Dagger is not a CI/CD Runner like GitHub Actions or Gitlab CI. It is an
abstraction that uses and composes containers to run commands. Think of it as
somewhere between `just`, `nix`, and writing custom programs for your build
plus containers all over the place.
It exists as a cli tool which either starts a Dagger Engine locally or connects
to an existing one (in the cloud). This engine runs as a container and runs all
tasks inside the engine as a container as well. The cli tool communicates via
GraphQL with the engine.
Besides the TUI, Dagger Cloud is a commercial offering that is basically a
fancy add-on. It provides web-visualizations of errors during a dagger
execution and of performance metrics (profiling), as well as some caching
features.
The TUI and engine are published under the Apache 2 License and thus can be
used free of charge.
Besides using containers, Dagger's main selling point is the ability to program
tasks in high level languages like Go or Typescript instead of configuring them
in json or yaml. Dagger provides a DSL-like API that reminds one of
`Dockerfile` commands + FP (even though it isn't). Combined with the ecosystem
of the base language nearly anything can be coded and containerized fairly
easy.
### Walkthrough
This repo uses `mise` / `asdf` for setup, see `.tool-versions`.

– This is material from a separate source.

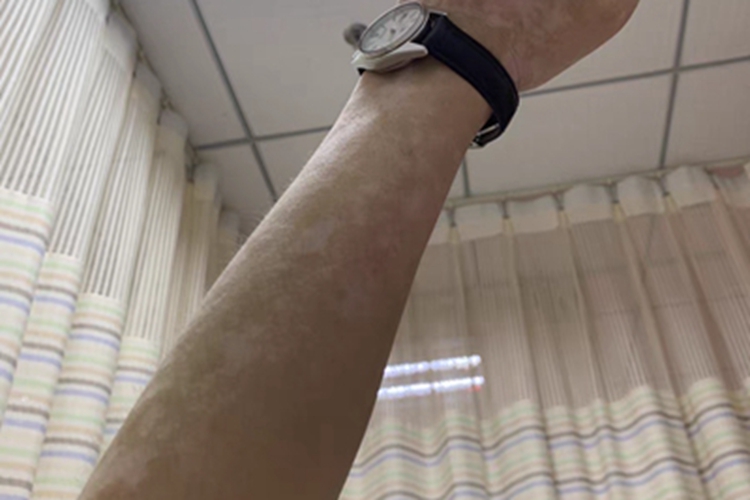 白癜风胳膊白斑图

Initialize the existing repo with dagger:
```shell
dagger init --sdk=typescript --source=./dagger
```
Typescript is just one option to write the config in, Python and Go are also
currently available with more to follow.
> Note: For some reason it wants to create a `LICENSE` file...
> LSPs should work properly out of the box as the dagger config is located in
> the `./dagger` directory. When using TS this is a self-sufficient node/yarn
> project.
To get an overview of available functions to call:
```shell
dagger functions
```
Run a function:
```shell
dagger call build --source=.
```
This runs the `build` function defined in `dagger/src/index.ts` and passes `.`
as the `source` parameter of that function.
> Camel Case function names in the TS setup are available in Kebab Case on the
> shell (same applies for Go and Python). This does not only apply to your own
> declared functions but to all functions available on the returned data types.
>
> ```typescript
> this.build(source).asService().up({ ports: "8080:8080" });
> ```
>
> becomes
>
> ```shell
> dagger call build --source=. as-service up --ports=8080:8080
> ```
> After running a dagger command the Dagger Engine stays alive as a local
> container waiting for the next call.